I feel Sirinian was a well developed character and the way his mindset changes from beginning to end is very smooth, as opposed to him suddenly changing. I love the way you characterised Celebi (had me giggling, especially the part where she complained about Dialga). I also liked how you dealt with the culture clash, making it seem somewhat more realistic than Lorelei and Sirinian totally understanding each other at once.

I didn't notice anything wrong with it and really enjoyed it - the premise of the story is interesting and you executed it very well. No complaints here!
 

Cutlerine

Gone. May or may not return.
1,030
Posts
14
Years
Thank you, Daydream. Might I take this opportunity to tell you how much I enjoyed your piece, too? I was going to tell you in your own thread, but I'm afraid to say I couldn't muster the energy for a proper review. My commiserations for not placing higher; the competition was very fierce.
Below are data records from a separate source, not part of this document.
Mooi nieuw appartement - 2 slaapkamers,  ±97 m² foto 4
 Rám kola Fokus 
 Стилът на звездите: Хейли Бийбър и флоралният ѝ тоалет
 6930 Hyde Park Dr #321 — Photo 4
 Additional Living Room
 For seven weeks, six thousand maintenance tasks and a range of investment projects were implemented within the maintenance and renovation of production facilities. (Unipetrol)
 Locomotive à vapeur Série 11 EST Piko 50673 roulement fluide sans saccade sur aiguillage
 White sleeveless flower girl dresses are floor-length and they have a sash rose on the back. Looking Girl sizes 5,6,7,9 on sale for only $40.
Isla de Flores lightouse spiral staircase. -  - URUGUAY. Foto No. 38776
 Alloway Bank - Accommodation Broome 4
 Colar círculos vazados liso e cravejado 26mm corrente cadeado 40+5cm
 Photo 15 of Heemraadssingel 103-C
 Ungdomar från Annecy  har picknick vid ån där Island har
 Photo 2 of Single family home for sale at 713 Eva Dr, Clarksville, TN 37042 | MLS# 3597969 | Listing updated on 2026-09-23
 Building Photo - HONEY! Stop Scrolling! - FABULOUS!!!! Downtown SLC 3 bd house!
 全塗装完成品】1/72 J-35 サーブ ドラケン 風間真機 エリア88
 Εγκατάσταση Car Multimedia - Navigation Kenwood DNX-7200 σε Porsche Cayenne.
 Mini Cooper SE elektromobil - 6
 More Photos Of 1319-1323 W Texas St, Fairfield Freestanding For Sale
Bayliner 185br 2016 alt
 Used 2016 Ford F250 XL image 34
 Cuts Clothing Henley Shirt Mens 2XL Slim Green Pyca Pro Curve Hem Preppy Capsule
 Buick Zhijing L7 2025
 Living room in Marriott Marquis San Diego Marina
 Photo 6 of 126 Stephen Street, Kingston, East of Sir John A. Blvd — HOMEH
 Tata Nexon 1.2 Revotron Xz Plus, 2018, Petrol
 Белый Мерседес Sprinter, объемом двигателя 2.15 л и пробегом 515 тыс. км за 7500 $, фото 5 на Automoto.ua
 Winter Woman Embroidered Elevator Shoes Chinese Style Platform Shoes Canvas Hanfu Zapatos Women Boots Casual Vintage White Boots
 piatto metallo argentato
I quite liked Celebi, too. If I ever have need of her again in a story, you can rest assured she'll be coming back with the same personality.

Sirinian is probably, as Clarissa would have it, the world's most complicated simpleton; he's a sort of Neolithic Holden Caulfield, in that nobody understands him and he gets on my nerves. I'm glad I succeeded in making his character change natural; I'm aware that often that sort of thing can come across as contrived and sudden in short stories.

F.A.B. (Oh my God, I'm such a nerd and I really need to stop signing off like this.)
 

Spikey-Eared Pichu

Pichu-pi!
1,016
Posts
14
Years
Oh. My. God.

That was seriously one of the most amazing fanfictions I've ever read. I LOVED it! Oh, and kudos on the unique names of the tribes ;)

Your description of the Pokemon prior to Lorelei appearing was fantastic and I was searching like crazy for what Pokemon the Winter Wolf was before Lorelei came around xD

If you have any plans or inklings to continue this, PLEASE do! It's purely amazing!
 

Miz en Scène

Everybody's connected
1,645
Posts
15
Years
If anyone's wondering, I'm not reviewing the SWC entries based on their rankings --I have my own messed up priorities.

In any case, I have to say that I shouldn't be (considering your past exploits in the fiction arena), but I am, amazed at how you managed to write such a long story in the limited amount of time that we were allowed for the competition. It's a remarkable accomplishment for anyone and for that I commend you.

As for the piece itself, I can't really bring myself to do a complete breakdown because I want to do some other stuff tonight, but I can point out the bits that I liked, the bits that I really liked, the stuff that was amazing, and the stuff that made little sense, i.e the logical inconsistencies that I would find easy to chock up to a willing suspension of disbelief but won't because then I won't have much to say by way of critique. Anyway, I quite like stories that fill in the holes left by canon, especially the ones which weren't quite holes to begin with, and this was certainly no exception. The plot was amazingly well thought out because, usually, I'm not one for stories involving tribes and rituals, but this managed to stand out because of how you managed to make Sirinian's mind quite the modern one despite being raised among Neanderthals, a bit like an early Cro-Magnon. I guess it's because Sirinian didn't give off the kind of primal vibe that you usually associate with primeval stories like this. He was more the lost kid in the forest type who had a sense of sarcasm, something that I also love and find oddly out-of-place at the same time. Yeah, the slight sarcasm did add to his character, but, like Celebi, it felt slightly misplaced with the tone of the rest of the story. On that note, I did quite like Celebi and her references to the space-time continuum, even though it was awkward with everyone else being so serious.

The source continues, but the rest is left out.